Coordinated Machine Learning-Based Vulnerability & Security Patching for Resilient Virtual Computing Infrastructure
PI(s), Co-PI(s), Researchers:
PI: Helen Gu
HARD PROBLEM(S) ADDRESSED
This refers to Hard Problems, released November 2012.
Resilient Architectures
Our research aims at aiding administrators of virtualized computing infrastructures in making services more resilient to security attacks through applying machine learning to reduce both security and functionality risks in software patching by continually monitoring patched and unpatched software to discover vulnerabilities and triggering proper security updates.
PUBLICATIONS
Papers written as a result of your research from the current quarter only.
"A Study on Container Vulnerability Exploit Detection",
Olufogorehan Tunde-Onadele, Jingzhu He, Ting Dai, and Xiaohui Gu
Proc. of IEEE International Conference on Cloud Engineering (IC2E), Prague, Czech Republic, June, 2019. (accepted)
KEY HIGHLIGHTS
Each effort should submit one or two specific highlights. Each item should include a paragraph or two along with a citation if available. Write as if for the general reader of IEEE S&P.
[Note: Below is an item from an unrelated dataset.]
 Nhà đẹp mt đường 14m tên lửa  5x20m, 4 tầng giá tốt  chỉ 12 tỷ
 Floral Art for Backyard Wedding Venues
The purpose of the highlights is to give our immediate sponsors a body of evidence that the funding they are providing (in the framework of the SoS lablet model) is delivering results that "more than justify" the investment they are making.
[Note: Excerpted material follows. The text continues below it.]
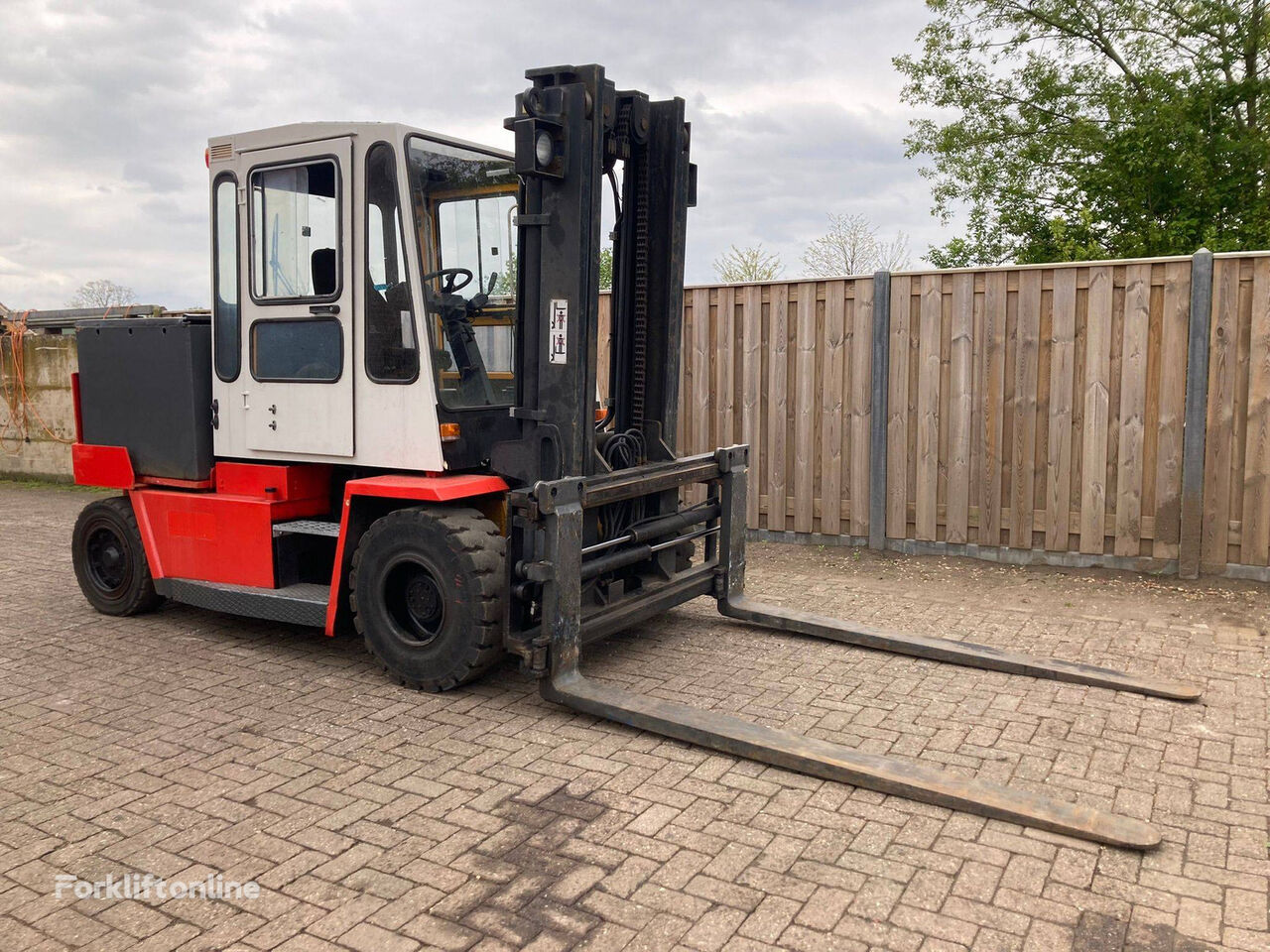 Kalmar EC6 - 600 electric forklift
Containers have become increasingly popular for deploying applications in cloud computing infrastructures. However, our previous study has shown that containers are prone to various security attacks.
In this quarter, we continued our research on real time container vulnerability discovery. We refined our dynamic vulnerability exploit detection system (changing the algorithm from SOM to autoencoder) and collect results over a set of real world exploits. Our initial results using a limited set of exploits show that our exploit detection has 100% detection rate and lower than 1% false alarms. We plan to finish 30 exploits within April. To make our results close to real environment, we started to use JMeter and real world workload intensity to produce dynamic workload to our monitored containers. We also collected top affected system calls during detected attack period to identify the attack type so that we can trigger specific patch based on the attack type information. Our initial container vulnerability exploit detection work has been accepted by IEEE IC2E 2019.
COMMUNITY ENGAGEMENTS
None.
EDUCATIONAL ADVANCES:
One PhD student Olufogorehan Tunde-Onadele is currently supported by the grant. He will attend IC2E to present our container vulnerability exploit detection work.